§ PROBLEM TO SOLVE
Here the job is to print only the lines from the one containing "1999 90s GIF - 1999 90s GIFs" to the end of the entries, both included, exactly as they stand, with pictures excluded.

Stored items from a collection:
· · · · · · ·

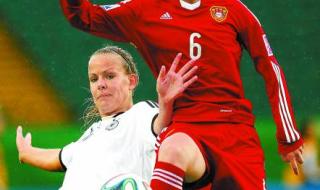 世界杯小组赛中国队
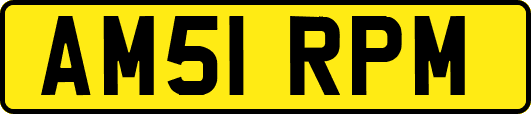 AM51RPM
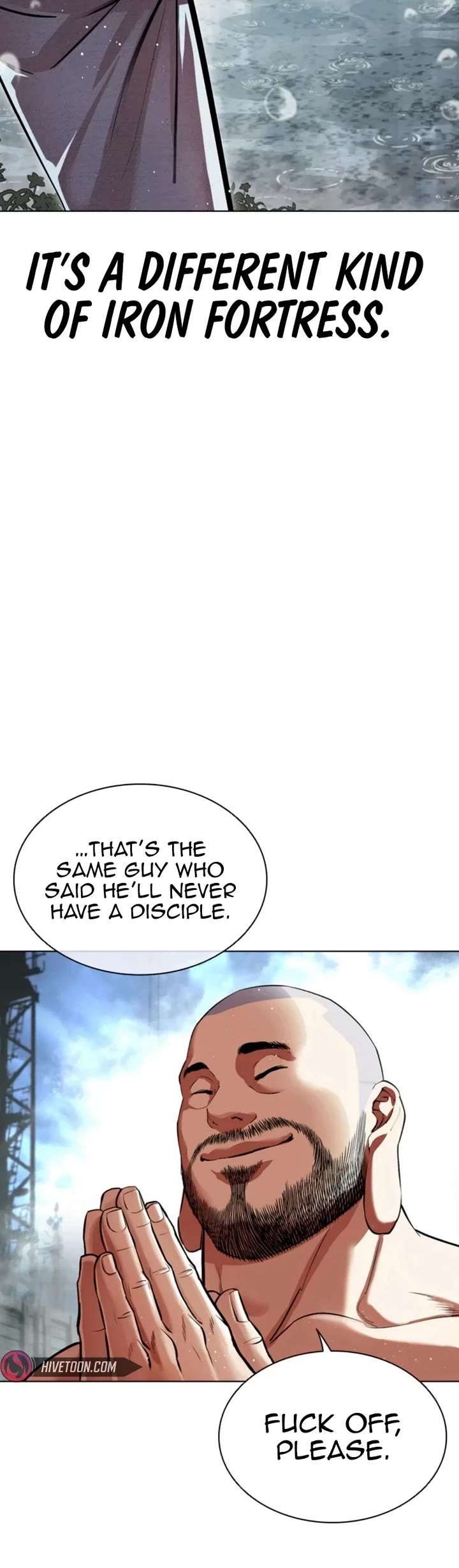 Lookism Chapter 546 - Page 39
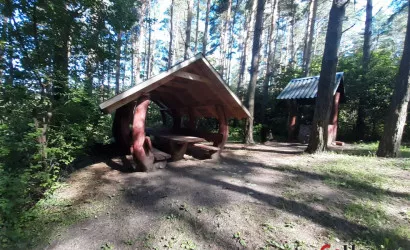  1-этаж.(70 м2), Каролино(Центральная)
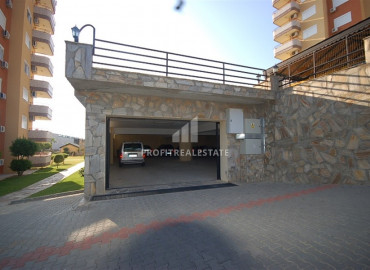 Spacious two bedroom apartment in a picturesque location of Mahmutlar, Alanya, 150 m2 ID-7236 фото-12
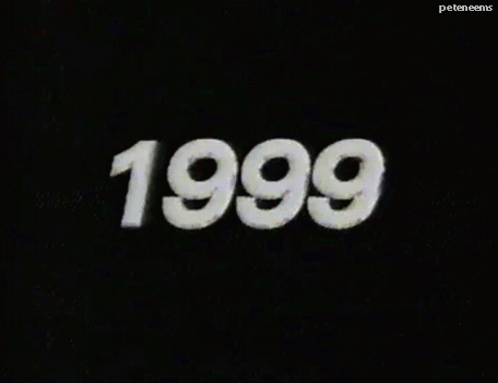 1999 90s GIF - 1999 90s GIFs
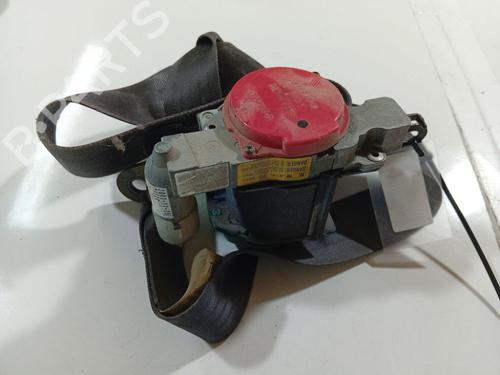 Front right seatbelt MAZDA PREMACY (CP) 2.0 TD | BP34854061I25 - Image 2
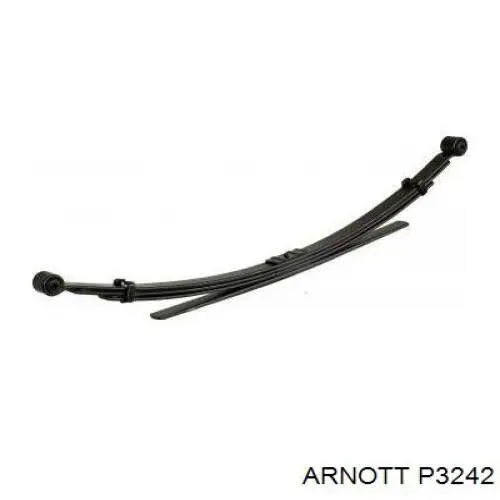 Compresor de suspensión neumática P3242 Arnott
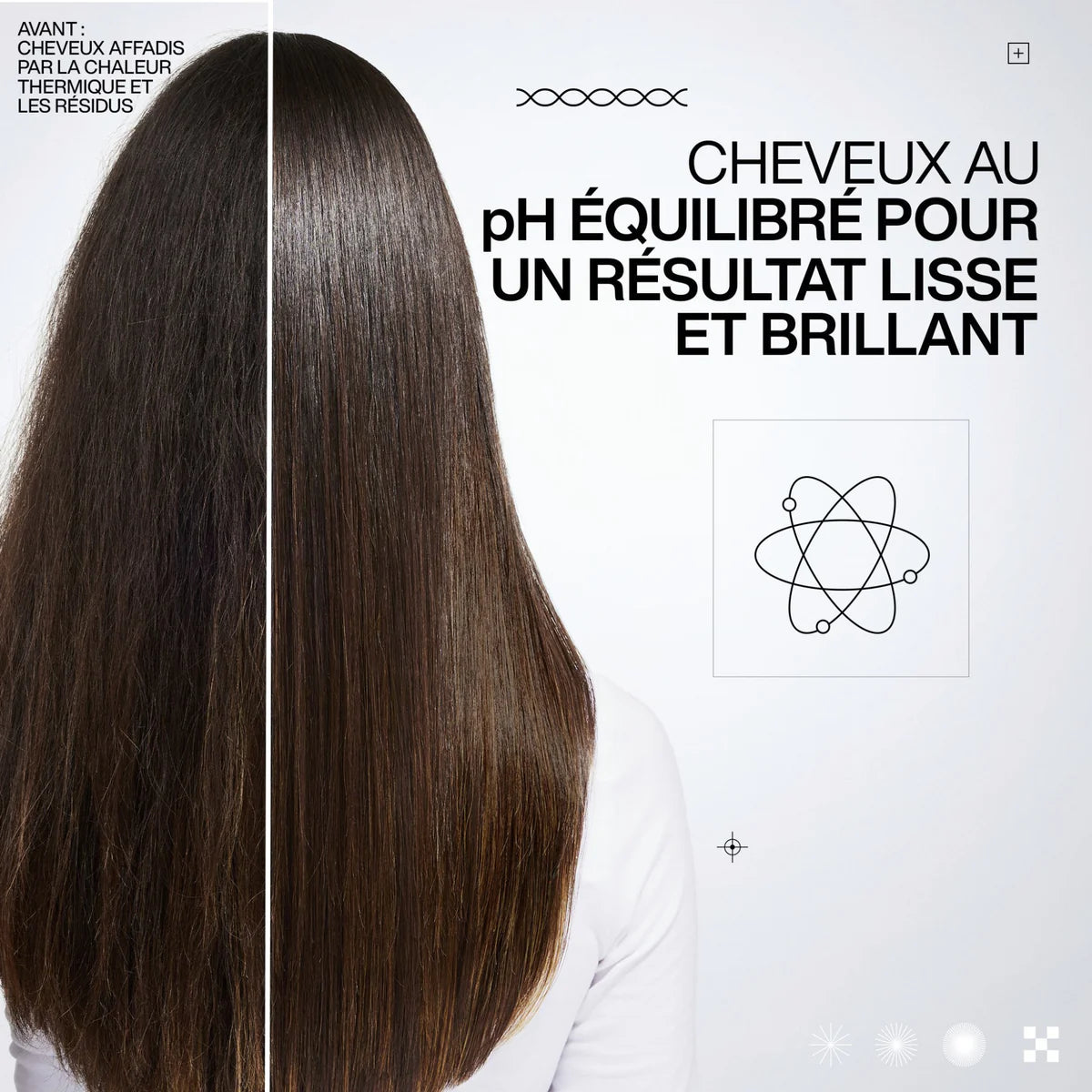 REDKEN. SHAMPOING ACIDIC COLOR GLOSS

· · · · · · ·

§ THE COMPLETED TASK
 1999 90s GIF - 1999 90s GIFs
 Front right seatbelt MAZDA PREMACY (CP) 2.0 TD | BP34854061I25 - Image 2
 Compresor de suspensión neumática P3242 Arnott
 REDKEN. SHAMPOING ACIDIC COLOR GLOSS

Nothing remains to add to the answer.